Lol cute, I had thought about charging "admission" for people to enter into my room that holes 5 Planted tanks (33 gallon, 10 gallon, 5.5, and two 3 gallons) And holds 16 Betta's, 6 Dwarf Cory's, and 1 BN Pleco! I'll soon be getting two more girls for the sorority as well lol Yeah, threatened my friends with admission, family would get a discount though haha

Luckily I don't have kids yet so I get to enjoy my Aquarium for the time being


----------



## JellOh (Mar 13, 2013)

Ohh, I don't have enough fish to charge admission, but I'm sure people would love seeing the 6 dogs! Do you have any pictures of your pitbull? I *love* pitbulls!


----------



## Agent13 (Apr 23, 2013)

JellOh said:


> Ohh, I don't have enough fish to charge admission, but I'm sure people would love seeing the 6 dogs! Do you have any pictures of your pitbull? I *love* pitbulls!

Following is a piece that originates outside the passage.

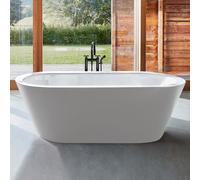 Bette Starlet Oval Silhouette vasca da bagno freestanding, ovale, 2745-000CFXXK+B601-901, Starlet Oval Silhouette bianco [Vasche da Bagno > Vasche da Bagno Freestanding]
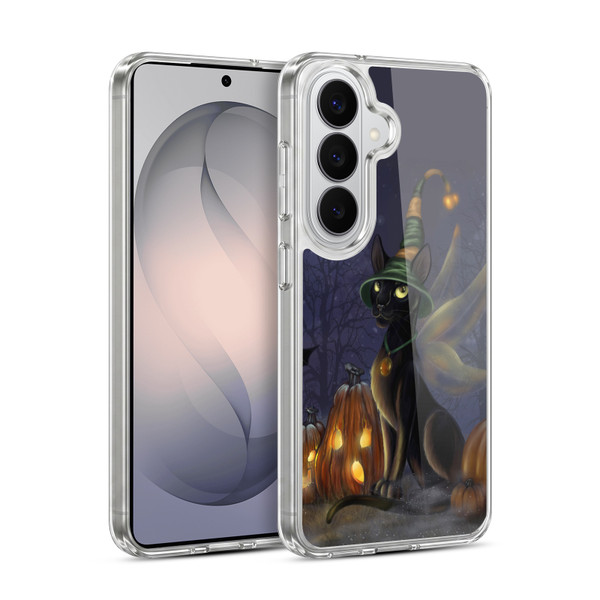 Ash Evans Black Cats The Witching Time Soft Gel Case for Samsung Galaxy S26 Plus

Yes! I'll dig one out. She is my daughters best friend! They are always side by side since my daughter came home. Too much cute bettween those two for sure!


----------



## Agent13 (Apr 23, 2013)

Here she is! 

I found this one after my daughter was about 1 1/2. They were using photobooth( my dog and daughter) and I had no clue till I went through the Pictures hahaahha


----------



## lilnaugrim (Mar 27, 2013)

awwwww sooo cute!! I wish I could have a dog, but I'm too allergic! I've got cats instead lol (between both houses I have 8 >< Only 3 are actually ours though and then the feral cat at my moms who decided to have kittens in our shed makes 5 more)


----------



## Laki (Aug 24, 2011)

Aw how cute! That dog and your girl are best friends!! 

I used to keep a noah's ark of sorts at one time we had 2 cats, 2 turtles, 2 rabbits and a dog. Now it's all changed.


----------



## NeptunesMom (May 4, 2012)

I know that feeling, but having your own "zoo" is so worth it. When my cousins kids come to my house they get so excited to see the horses, guinea pigs and fish. And, on a hard day nothing really is more relaxing (in my opinion) than caring for my animals.


----------



## Laki (Aug 24, 2011)

Wait.. How do you keep 40 horses! o-O


----------



## NeptunesMom (May 4, 2012)

Laki said:


> Wait.. How do you keep 40 horses! o-O


We have almost 40 acres of pasture that most everyone is on. I have 5 in the barn and 7 on dry lots. Then there are 3 at a trainers and 5 oldies boarded with a friend because they need special care. Hmm... come to think of it, there might be more than 40.

ETA: Nope did the math. There should be 40, unless I'm forgetting someone.


----------



## Agent13 (Apr 23, 2013)

NeptunesMom said:


> We have almost 40 acres of pasture that most everyone is on. I have 5 in the barn and 7 on dry lots. Then there are 3 at a trainers and 5 oldies boarded with a friend because they need special care. Hmm... come to think of it, there might be more than 40.
> 
> ETA: Nope did the math. There should be 40, unless I'm forgetting someone.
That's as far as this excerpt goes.